In this same year a young lady named Miss Mansel (now Mrs. Bull) sent in a drawing of an incident which occurred at her uncle's place at Anglesey in Hampshire—the initials "R. M." on the buckets being those of Colonel Mansel. "My eyes!" says Cooper the groom, in effect, to a gentleman who has watched a lady dismount from her over-ridden animal; "to them ladies a 'oss is a 'oss, and he must go!" Leech slightly re-touched the drawing, adding pigeons in the foreground, and so forth, but, of course, did not add his initials. Curiously enough, this block was included among that artist's "Pictures of Life and Character" (p. 52, Series IV.). "I remember I was very proud," writes the lady, "a few days after the drawing appeared, at hearing some officers in High Street, Portsmouth, quoting my sketch as a lady galloped up the road. I was only about seventeen then."

R. T. PRITCHETT. R. T. PRITCHETT.
(From a Photograph by H. Bibo, Warwick.)

After a single contribution (entitled "Clara") by that ill-fated genius, George Pinwell, Mr. R. T. Pritchett left his rifles for Punch's pages. He was in fact but a boy when he took charge of his father's gun factory at Enfield, and was still a lad when he conducted experiments in competition, with his own hand, for a new Government gun, introducing a bullet of his own conception, firing every shot, and triumphing over every competitor. So the "Enfield" or "Pritchett rifle" brought him fame; but it proved the stumbling-block of his artistic career, for he found out for himself the truth that a man known for one thing has little chance in any other field—particularly in the artistic field. He was glad, however, when the Government eventually decided to manufacture the gun themselves, and the House of Commons voted him £1,000—though the experiments had cost nearly three times as much—and he was enabled to take to art.

It was at a meeting of the Moray Minstrels, the delightful "Jermyn Band" promoted by Mr. Arthur Lewis—where every man was invited on his own merits and guests were excluded—that he met John Tenniel. John Forster was the leader, and there were often present John Leech, Dickens, Stanfield, Thackeray, Landseer, Tom Angell, Sir John Millais, Mr. Carl Haag, Mr. Frith, Mr. Marks, Charles Keene, Mr. Whistler, and Sir Arthur Sullivan; altogether a notable company. It was under Sir John Tenniel's hospitable roof that Mr. Pritchett was initiated into the mysteries of wood-drawing. He had been watching the Master drawing his cartoon, and was busy sketching the top of his amiable head, when its owner told him he would be much better occupied in drawing on the wood, and threw him over a piece. Upon it Mr. Pritchett made a sketch, which Sir John took to Mr. Swain, and which afterwards appeared in one of A. K. H. B.'s works. By Mr. Swain the draughtsman was introduced to "Once a Week" and to Punch, and for the latter Mr. Pritchett began with some initials. His work appears from 1863 until 1869, some six-and-twenty amusing drawings in all, and when he ceased in order to take to painting, he drew for no other comic paper; for he had adopted the proud motto: "Aut Punch, aut nullus." He then took to travel, writing books and illustrating them by himself, and commended himself still further by the cruise he made and illustrated with Lady Brassey in The Sunbeam. Moreover, he has for many years drawn privately for the Queen, in recognition of which he received the Jubilee medal. A portrait of him, drawn by Charles Keene, may be seen in the Punch picture wherein a little girl asks her papa if she "may have the gentleman's moustache for a tail for her horse"—a portrait so good that by virtue of it he made the acquaintance of Mr. Sambourne years after, when the latter gentleman accosted him with the words "I know you by Keene's likeness of you in Punch!"

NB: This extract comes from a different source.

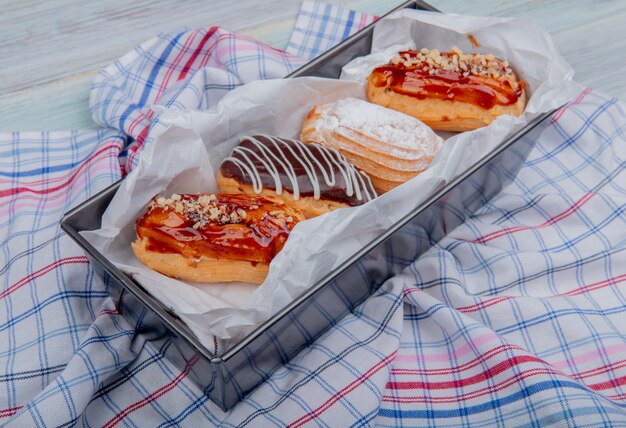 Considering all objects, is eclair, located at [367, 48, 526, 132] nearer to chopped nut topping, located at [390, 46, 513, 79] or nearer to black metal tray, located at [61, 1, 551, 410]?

Then came Fritz Eltze, who was introduced to Punch on May 1st, 1864, and in due course took up some of the work let fall by Leech. He was a son of Sir Richard Mayne's confidential secretary, and most of what he knew of the life he drew was what he could see down Scotland Yard, or what he could remember of happy early days at Ramsgate. He was a confirmed invalid who had never enjoyed life like other children, and the consumption from which he died was already developing. He submitted a few sketches to Mark Lemon who, according to his custom, sent Mr. Swain to make inquiries, with a result that was the brightest spot in the artist's life. Although his work had the touch of the amateur about it, it had a curious charm; and rapid improvement followed. His humours of the fashions and follies of the day were greatly appreciated, especially as his work advanced to half-page "socials;" but it was to his tender touches that his popularity was chiefly due, particularly in his treatment of child-life. The little one who—being told that they may not have mistletoe in church at Christmas—naively asks if "they must not love one another in church," and the other who, when playing at "horses" and one of the leaders falls, cries to its companion next in command to "sit on her head and cut the traces," are typical of his work in this direction. His last contribution (Mr. Punch À la Turc on a minaret) appeared in September, 1870, but a couple of drawings, in 1872 and 1875, were published "out of stock." Eltze, one of Punch's tall men, by the way, was a pleasing draughtsman whose work, in its curious absence of lining, had a striking appearance of originality in its practically broad outline.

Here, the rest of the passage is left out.